As Zhen Wei explained his blog post, modern finance theory suggests that factors are persistently rewarded because of behavioral biases, institutional constraints or underlying risks. These reasons exist across markets, but their relative importance may be different depending on typical investor behavior, regulations, the extent of institutional participation and the macroeconomic environment in different countries. This leads to differences in factor performance. There are also influences specific to China, such as government policies and internationalization, that affect factor behavior in China.
We compare risk-adjusted factor performance from our new China A shares model (CNE6), Global Equity Model (GEMTR) and Emerging Markets model (EMM1) over the past 10 years. We group factors related to a common theme into factor families, for example the quality family includes leverage, earnings variability, earnings quality and profitability factors, which are all related to a typical definition of a high quality stock.1
Long-term Information ratios of style factors in China A, Global and Emerging Markets
Data from March 2008 to March 2018
Our key takeaways:
- The illiquidity premium was stronger in China A shares versus global and emerging markets (indicated by the negative return of the liquidity factor).
- The performance of the analyst sentiment factor has been stronger compared to global markets.
- Growth had stronger risk-adjusted returns in China A shares than in the broader regions.
- While traditional momentum was weaker in A shares, short-term reversal and seasonality effects were stronger.
- Value performance was generally less strong compared to emerging markets, though on par with global markets.
- The performance of quality-related factors was less strong compared to EM and DM.
- There was a stronger small-cap premium in A shares compared to global and emerging markets (indicated by the negative return of the size factor). Mid caps tended to under-perform in A-shares, unlike EM and DM.23
In recent years, there were several changes in factor performance. Earnings quality started to perform more in line with global markets. Earnings yield emerged as a strong performer in the value family. The traditional price momentum factor underperformed in A shares, both in absolute terms, as well as relative to global and emerging markets. These changes may reflect the continuing institutionalization of the market, as value and quality strategies are more closely followed by longer-term, fundamental driven institutional investors.
Recent Information Ratios of Style Factors in China A, Global Market and Emerging Markets
Data from October 2015 – March 2018
Factor strategies have historically worked across markets and geographies because the underlying reasons why factors are rewarded exist across markets. Typical investor behavior, regulations, institutional participation and the macroeconomic environment in different countries may influence the strength of factor premia. The unique characteristics of China A shares historically led to a different factor return profile compared to global and emerging markets. Having the right model is critical: A model calibrated to a broad emerging market universe may miss the unique patterns of factor behavior in China.
1 The logic of grouping related factors into factor groups is used in the MSCI FaCS and MSCI FactorLab.

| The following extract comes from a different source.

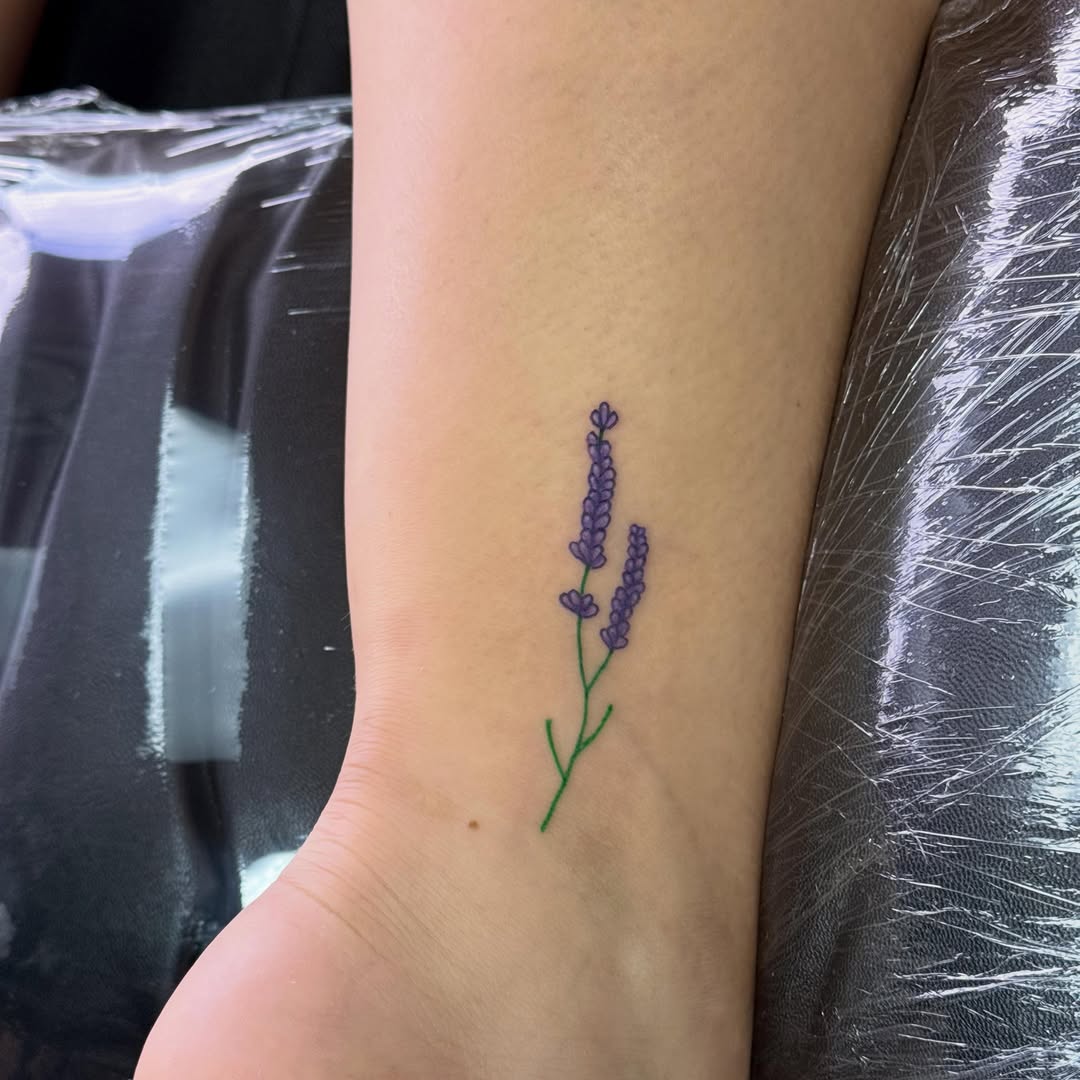 Tattoo by @tattoosbynic03 โ fine_line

2 The charts reflect the performance of pure factor strategies. These are theoretical long-short portfolios that have unit exposure to the target factor and are neutral (have zero exposure) to industries and the broad market. Strategies with investability constraints (e.g., long-only, limited number of assets, limited turnover) may have lower information ratios
3 The Emerging Markets model (EMM1) does not have earnings variability, profitability, long term reversal and analyst sentiment factors.